The normal final due date for submission of both forms P11D and P11D(b) for 2000-2001 would have been 6 July 2001, so that it is clear that the 'period of grace' referred to an extension of two-and-a-half months for the P11D(b) for one year only.

I received the extract of the Inland Revenue document on 22 June 2001, so that at that date, and presumably before, there was an unpublished concession of which employers and their advisers were not aware. The concession was not mentioned in the Inland Revenue press release of 20 June 2001 entitled 'Help for Employers to Meet National Insurance Deadline'. Around the same time I received verbal information about the existence of the concession from one or two other sources.

A week later I made brief reference to the concession when answering an internet query on Accountingweb's 'Any Answers'. This apparently provoked a flurry of e-mails and telephone calls from anxious accountants.

It appears that direct callers to the Inland Revenue's press office received either an outright denial that the concession existed or were advised to contact individual tax districts. Those who did the latter encountered a variety of responses. Some districts also denied the existence of the concession. One district at least had implemented the concession, and one commented that implementation in its district was voluntary!
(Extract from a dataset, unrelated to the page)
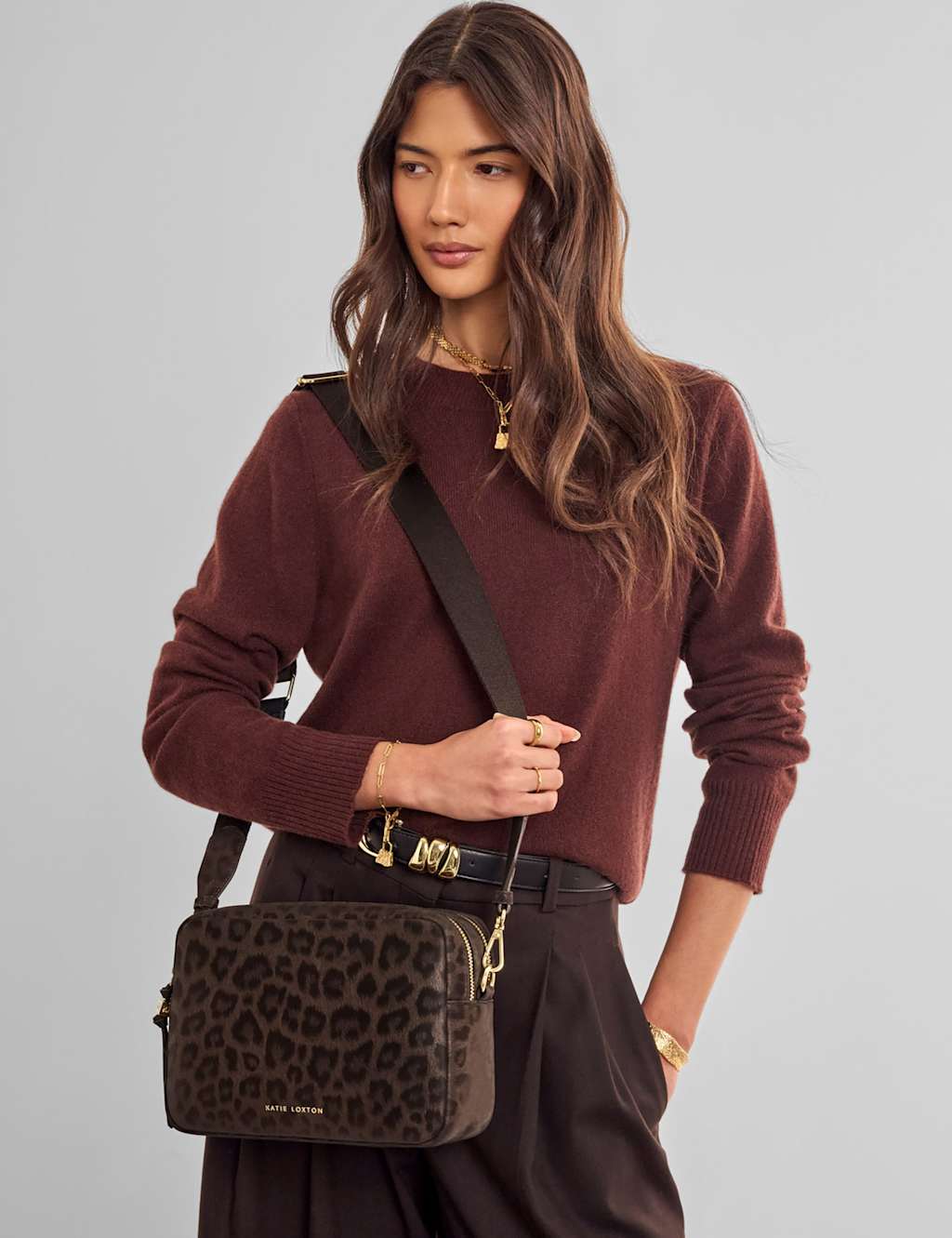 Katie Loxton Women's Animal Print Large Cross Body Bag - Brown Mix - Available at M&S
Then on 6 July 2001, the very last day for submitting forms P11D and P11D(b) under normal criteria, the concession was made official by the issue of an Inland Revenue press release. This appears to have been issued as an appendix to the press release of 20 June 2001. The relevant extract states:

'For this year only – as this is a new procedure – the Inland Revenue will not impose a penalty until 19 September 2001. Forms returned after that date will have the penalty backdated to the July deadline.'

At least two different constructions can be put on this development. Either it had been the intention not to publicise the concession until the very last minute ab initio, or the Inland Revenue had to react to the publicity and the pressure once 'the cat had been let out of the bag'.

Whatever the truth, the turn of events is not completely satisfactory. Either there was a concession before 22 June 2001 or there was not, and if there was, then employers and their advisers needed to be informed about it.

One is reminded of the 'equitable liability' concession, which existed for many years virtually unknown until it was publicised in Taxation, and was then admitted formally by the Revenue [Tax Bulletin August 1995, under 'Miscellaneous']. Forward contracts with the Revenue were likewise almost State secrets until press reports late last year and subsequent wider publicity in Taxation. With the advent of Open Government one had hoped that such scenarios would no longer arise.

At least this issue has now been clarified by the Inland Revenue, even if at the very eleventh hour. Sadly, this incident did nothing for Open Government and general relationships between the taxpaying public, businesses and tax professionals and the Inland Revenue. One trusts that the Revenue will be more communicative in the future.